[EXERCISE DATA — start]

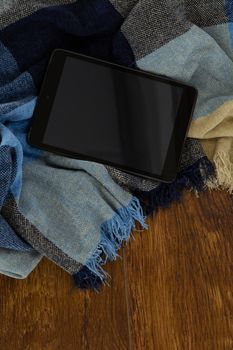 Close-up of digital tablet with blanket on wooden background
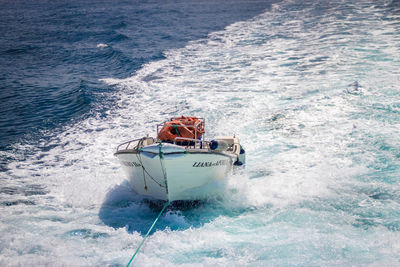 Boat sailing in sea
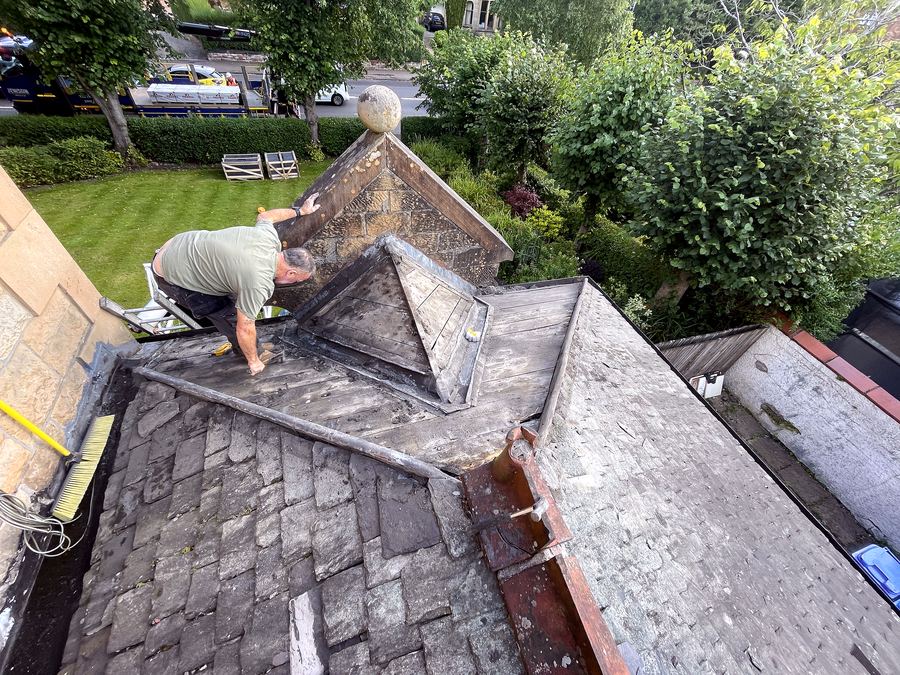 Jaconelli Builders working on a chimney at roof height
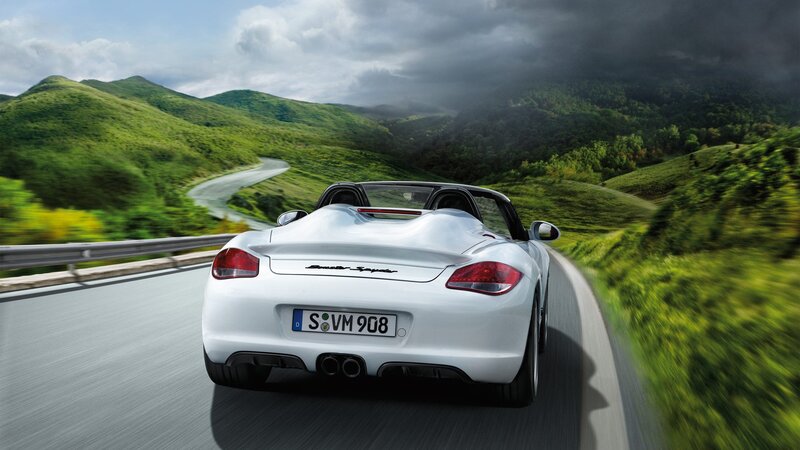 White Porsche driving on a winding road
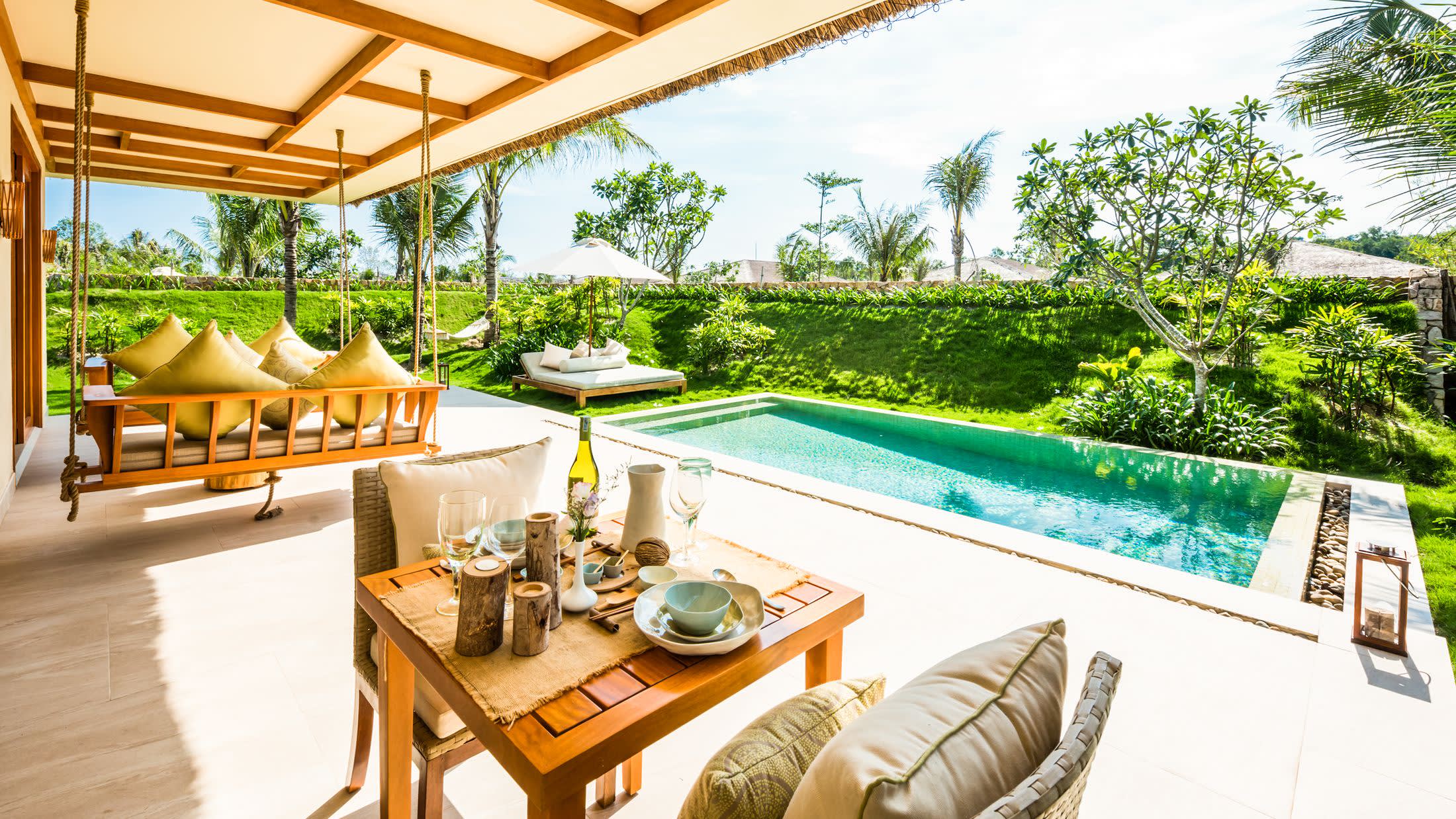 a dining room table in front of a building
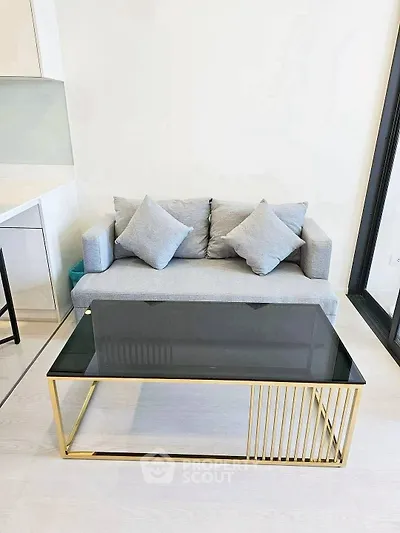 Modern living room with sleek gray sofa and stylish glass coffee table in a bright interior.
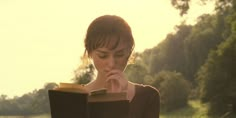 a woman is reading a book in the grass with her hand on her chin and looking down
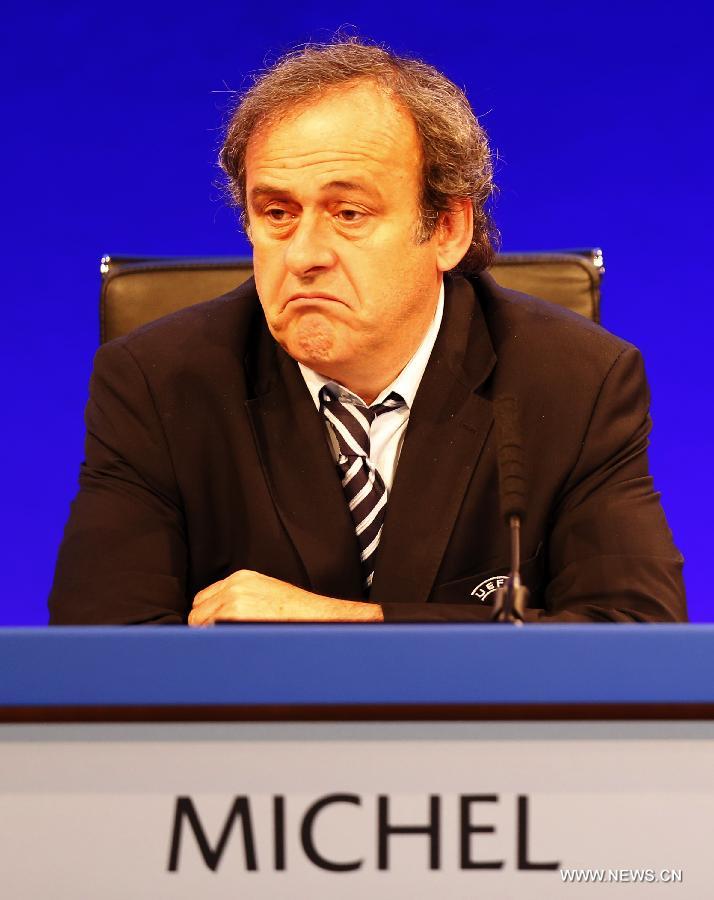 UEFA president Michel Platini (R) addresses the XXXVII Ordinary UEFA Congress 2013 at Grovesnor House Hotel in London, Britain, on May 24, 2013. (Xinhua/Wang Lili) 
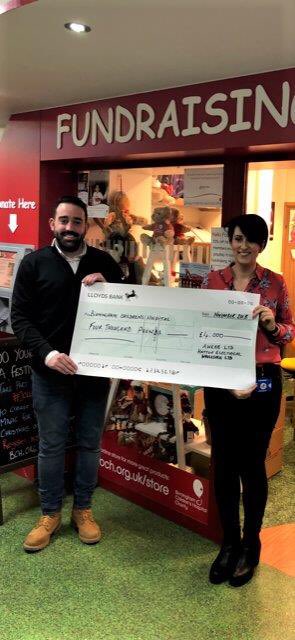 Chris Rowberry from Hatton Electrical Wholesalers handing over a cheque to Kirsty White from Birmingham Children’s Hospital Charity. The money was generously donated by the attendees of AWEBB’s AGM held in September 2018. <a href="/AWEBB_LTD/">AWEBB</a> <a href="/Bham_Childrens/">Bham Children's Hosp 💙</a>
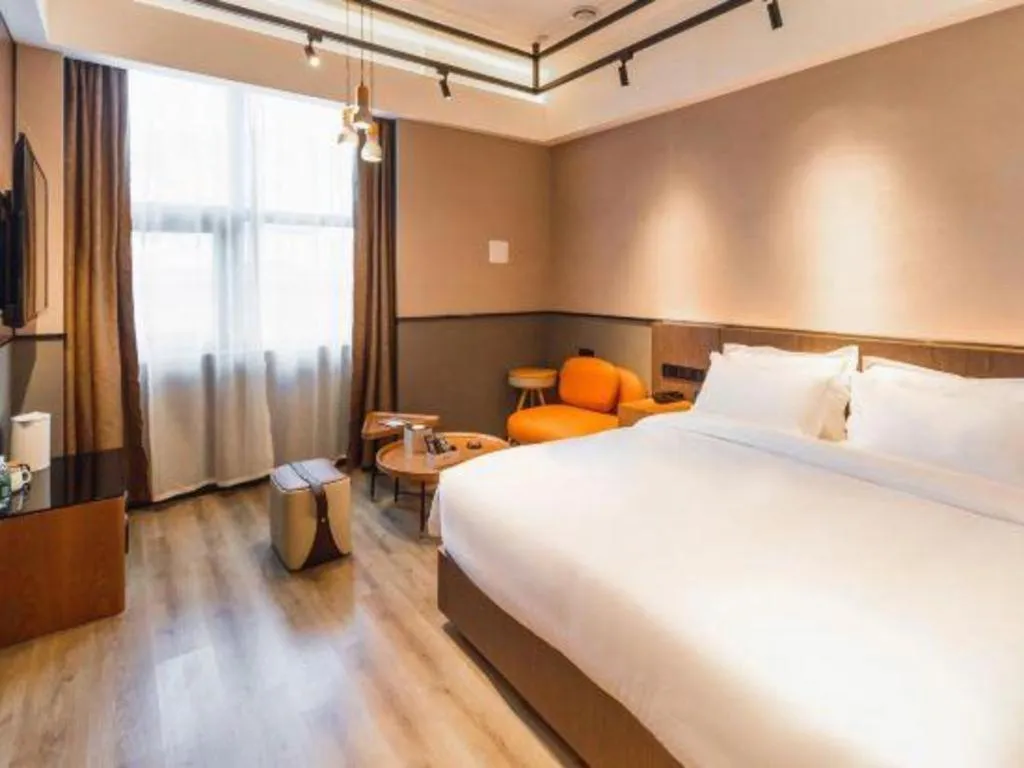 Bed in ZMAX Hotel Yan'an Baimi Avenue Baotashan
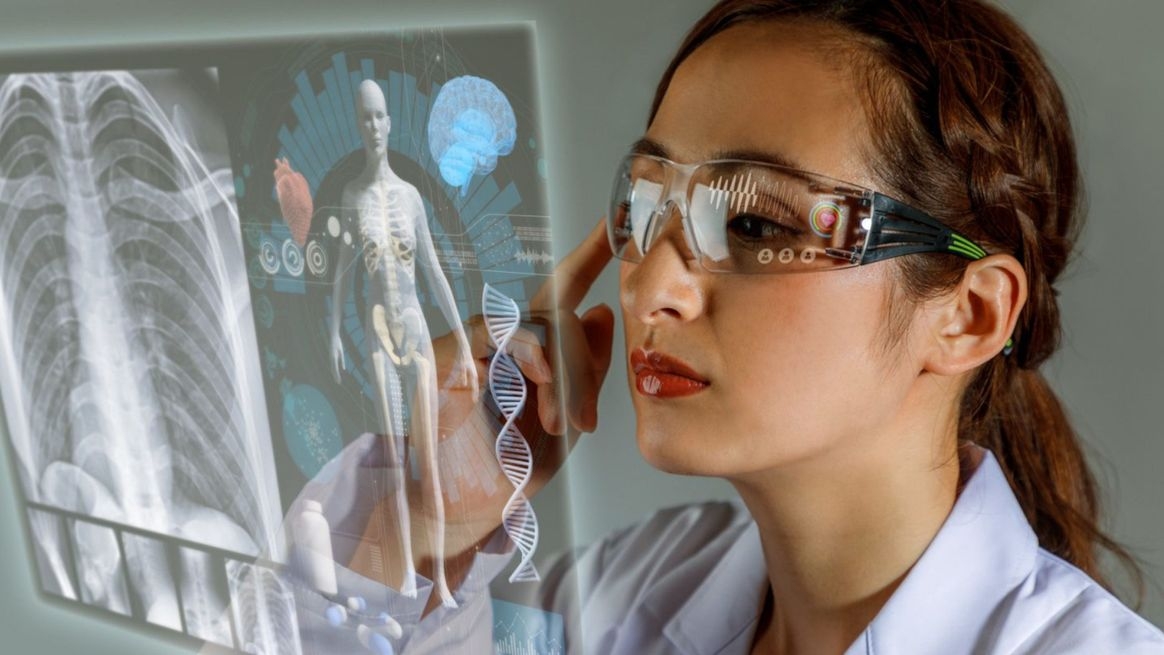 Frau mit weißem Kittel und smarter Brille schaut auf projiziertes Röntgenbild eines menschlichen Körpers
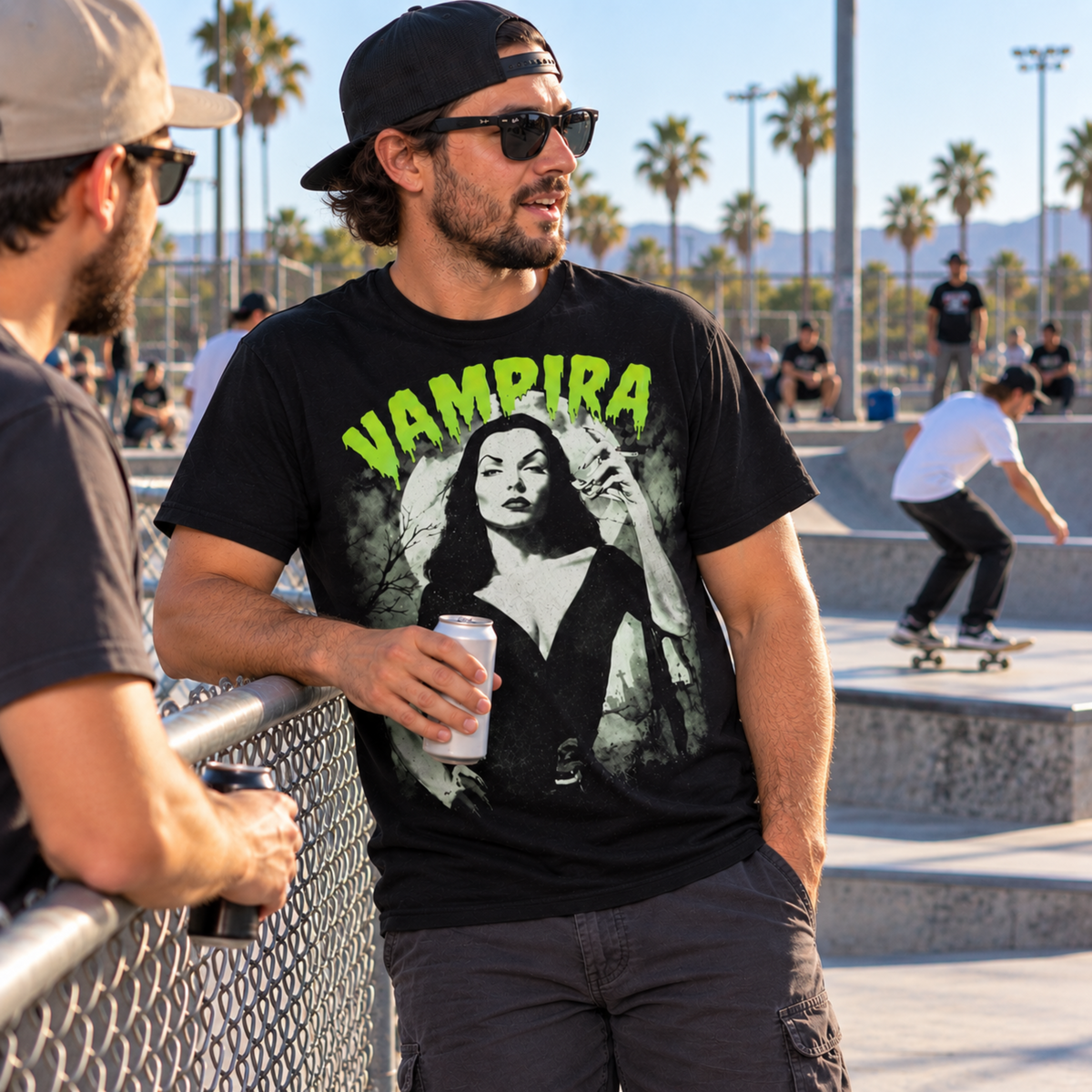 Man wearing the Vampira The Glamour Ghoul black T-shirt while hanging out with a friend at a skatepark, featuring her portrait and bright green VAMPIRA lettering.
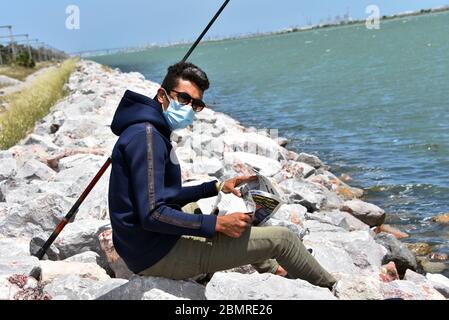 Man fishing at the beach wearing a face mask Stock Photo - Alamy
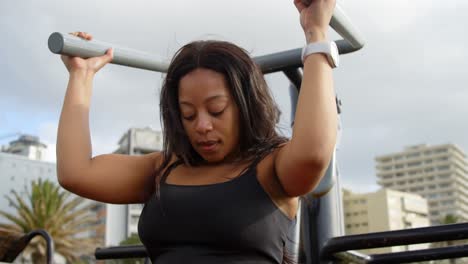 Disabled-woman-exercising-with-shoulder-press-machine-4k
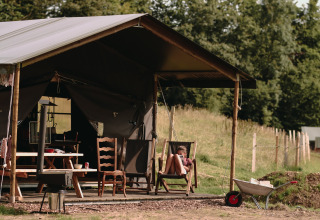 A person relaxes in a chair on a porch outside a tent at Feather Down Fermette des trois tilleuls in France.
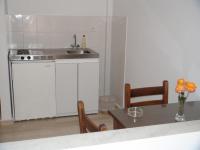 A kitchen or kitchenette at Filoxenia Hotel & Apartments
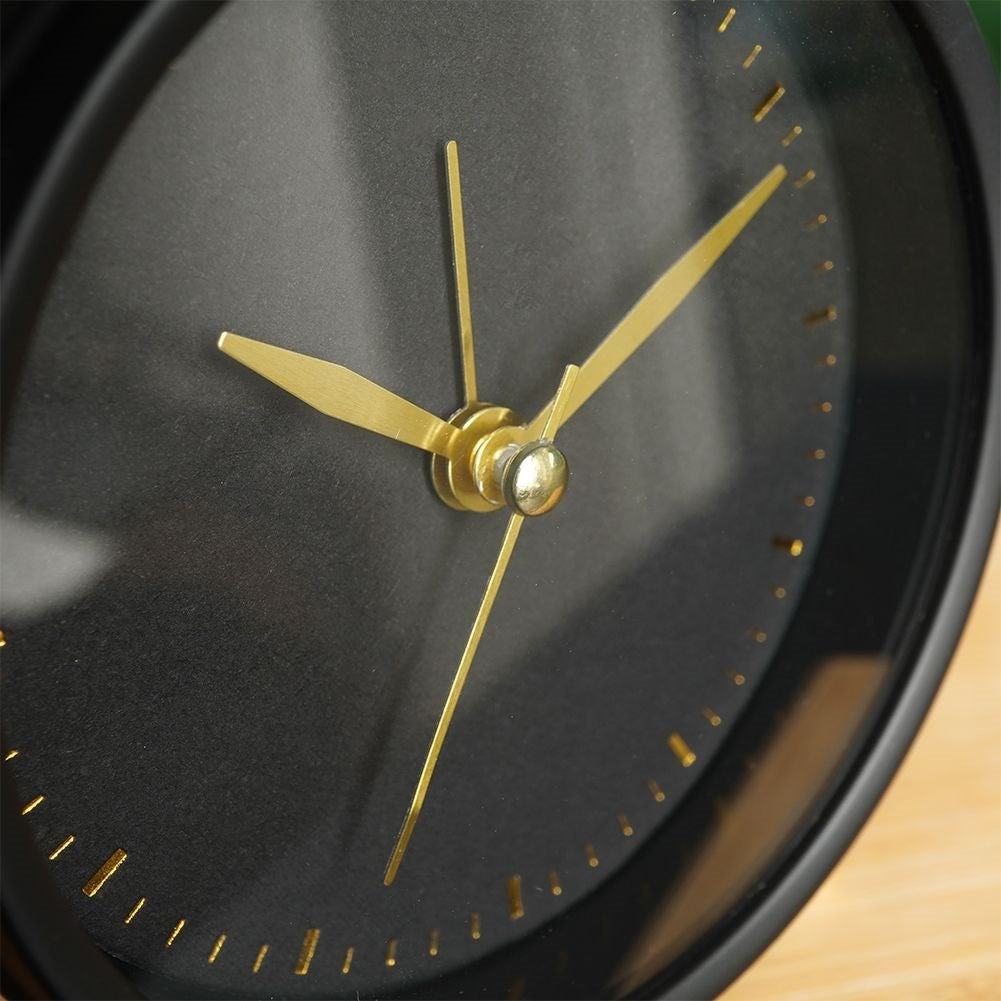 Classic black table clock with alarm and gold details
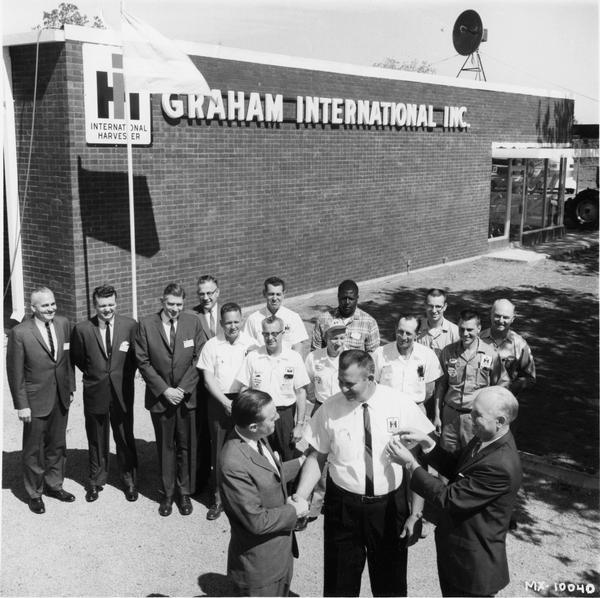 Original caption reads: "Congratulations are extended James Graham (center), the owner of Graham International, Inc., Sherman-Denison, Texas, one of the newest International truck dealerships in the country. E.A. Gibbs, (left) International Southwest regional sales manager, and C.T. Helin, Dallas district sales manager, do the honors as employees of the dealership and other IH executives look on. Graham International officially opened its doors May 1."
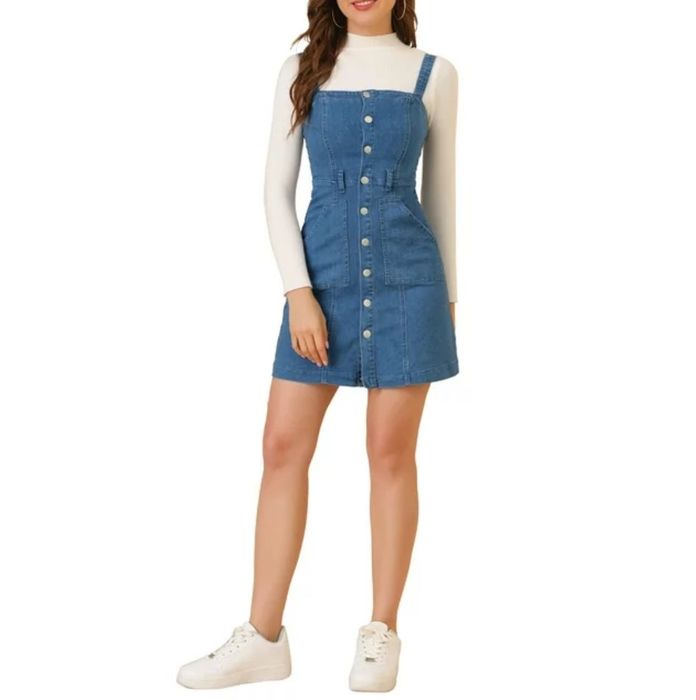 A model wearing a denim overall dress paired with a white long-sleeve top and white sneakers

[EXERCISE DATA — finish]

Print from the line containing "Boat sailing in sea" through the line containing "Classic black table" in the data above, exactly as the lines stand, and omit every picture.

 Boat sailing in sea
 Jaconelli Builders working on a chimney at roof height
 White Porsche driving on a winding road
 a dining room table in front of a building
 Modern living room with sleek gray sofa and stylish glass coffee table in a bright interior.
 a woman is reading a book in the grass with her hand on her chin and looking down
 UEFA president Michel Platini (R) addresses the XXXVII Ordinary UEFA Congress 2013 at Grovesnor House Hotel in London, Britain, on May 24, 2013. (Xinhua/Wang Lili) 
 Chris Rowberry from Hatton Electrical Wholesalers handing over a cheque to Kirsty White from Birmingham Children’s Hospital Charity. The money was generously donated by the attendees of AWEBB’s AGM held in September 2018. <a href="/AWEBB_LTD/">AWEBB</a> <a href="/Bham_Childrens/">Bham Children's Hosp 💙</a>
 Bed in ZMAX Hotel Yan'an Baimi Avenue Baotashan
 Frau mit weißem Kittel und smarter Brille schaut auf projiziertes Röntgenbild eines menschlichen Körpers
 Man wearing the Vampira The Glamour Ghoul black T-shirt while hanging out with a friend at a skatepark, featuring her portrait and bright green VAMPIRA lettering.
 Man fishing at the beach wearing a face mask Stock Photo - Alamy
 Disabled-woman-exercising-with-shoulder-press-machine-4k
 A person relaxes in a chair on a porch outside a tent at Feather Down Fermette des trois tilleuls in France.
 A kitchen or kitchenette at Filoxenia Hotel & Apartments
 Classic black table clock with alarm and gold details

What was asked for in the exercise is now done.